J.K. Rowling released the final entry in The History of Magic In North America web series, which focuses on the 1920s, right around the time of Newt Scamander’s arrival in New York City in Fantastic Beasts And Where To Find Them!
Now let’s recap what we learned!
1) Witches and wizards fought on both sides of World War I
Even though American wizards didn’t associate with No-Maj much due to Rappaport’s Law, they still fought in World War I aka The Great War. Of course, wizards from the many countries involved fought on both sides of the war and while they lessened the overall loss of life, they neutralized each other and didn’t truly affect the outcome of the war.
2) A ‘Dorcus’ is American magical slang for an idiot.
Remember Dorcus Twelvetrees, the vain young witch who exposed the wizarding world to an anti-magic No-Maj and cause Rappaport’s Law to be put into effect? History did! In fact, being called “a Dorcus” became a major insult for the dim-witted in America. Whoops!
3) American wizards were more intolerant of other magical creatures because they threatened their beloved secrecy.
American wizards were desperate to keep all suggestions or traces of magic secret, so the activities of magical creatures– who often alerted the No-Maj community to the existence of “paranormal” magical forces– were a huge burden in the Americas, much more than in the rest of the world.
4) If Newt Scamander meets the MACUSA President, it’ll be Seraphina Picquery.
Described as “a famously gifted witch from Savannah,” Madam Seraphina Picquery was a beloved MACUSA President who served through the entirety of the 1920s. So when Newt Scamander stands in front of the American wizarding government followed his magical creatures getting unleashed, he’ll probably in court with Madam Picquery!
5) There’s healthy wandmaking competition in America and they use much different magical cores.
If you want a wand in the UK, go to Ollivander’s. There’s just no place better! But in America, there are four wandmakers who compete at fairly equal levels for the love of the community.

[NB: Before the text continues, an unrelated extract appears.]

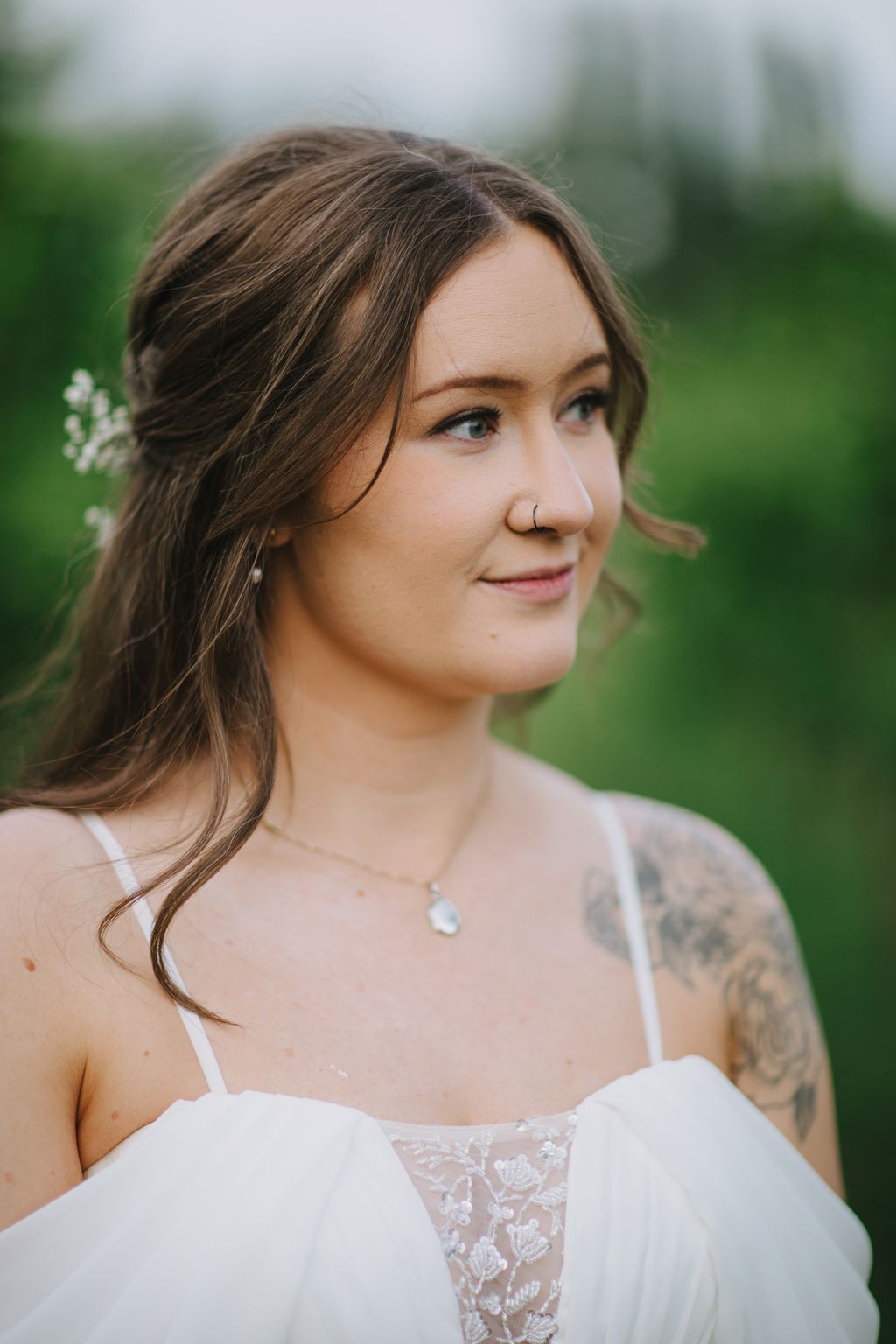 Bride in delicate lace dress with teardrop necklace gazes thoughtfully outdoors in soft, overcast light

There are plenty of options!
Additionally, each wandmaker uses elements from magical creatures specifically found in North America, which means you couldn’t get these wands at Ollivander’s. The cores include Thunderbird tail fathers, Wampus cat hair, White River Monster spines, and rougarou hair.
6) The magical community didn’t suffer through prohibition.
While the No-Maj were either refusing alcohol or boot-legging, the witches and wizards of America drank straight through the 1920s. With the stress of their secrecy weighing heavy, the community agreed that a little booze couldn’t hurt!